• PROBLEM TO WORK ON: Find the count of lines in the material below that include the word "Photo". State nothing but that number.

• MATERIAL PROVIDED:
####################

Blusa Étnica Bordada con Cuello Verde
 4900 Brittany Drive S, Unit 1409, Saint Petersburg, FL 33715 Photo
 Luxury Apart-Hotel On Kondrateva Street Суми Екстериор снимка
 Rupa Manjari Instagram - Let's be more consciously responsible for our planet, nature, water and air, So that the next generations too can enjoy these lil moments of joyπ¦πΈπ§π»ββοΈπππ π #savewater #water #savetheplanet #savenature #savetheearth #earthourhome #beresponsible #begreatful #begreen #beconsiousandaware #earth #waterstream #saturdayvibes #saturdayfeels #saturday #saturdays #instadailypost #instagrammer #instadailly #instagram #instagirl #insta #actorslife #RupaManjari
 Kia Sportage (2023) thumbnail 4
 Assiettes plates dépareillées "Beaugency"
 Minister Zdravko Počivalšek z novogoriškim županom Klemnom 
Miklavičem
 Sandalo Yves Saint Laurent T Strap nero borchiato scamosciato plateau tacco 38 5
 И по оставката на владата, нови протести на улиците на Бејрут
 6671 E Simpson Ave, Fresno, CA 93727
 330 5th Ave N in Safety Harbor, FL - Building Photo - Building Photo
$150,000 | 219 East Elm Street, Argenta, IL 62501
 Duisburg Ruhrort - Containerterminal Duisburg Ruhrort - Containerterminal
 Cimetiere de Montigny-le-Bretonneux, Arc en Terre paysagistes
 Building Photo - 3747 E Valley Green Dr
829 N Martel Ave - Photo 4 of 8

####################

• EXERCISE SOLUTION: 4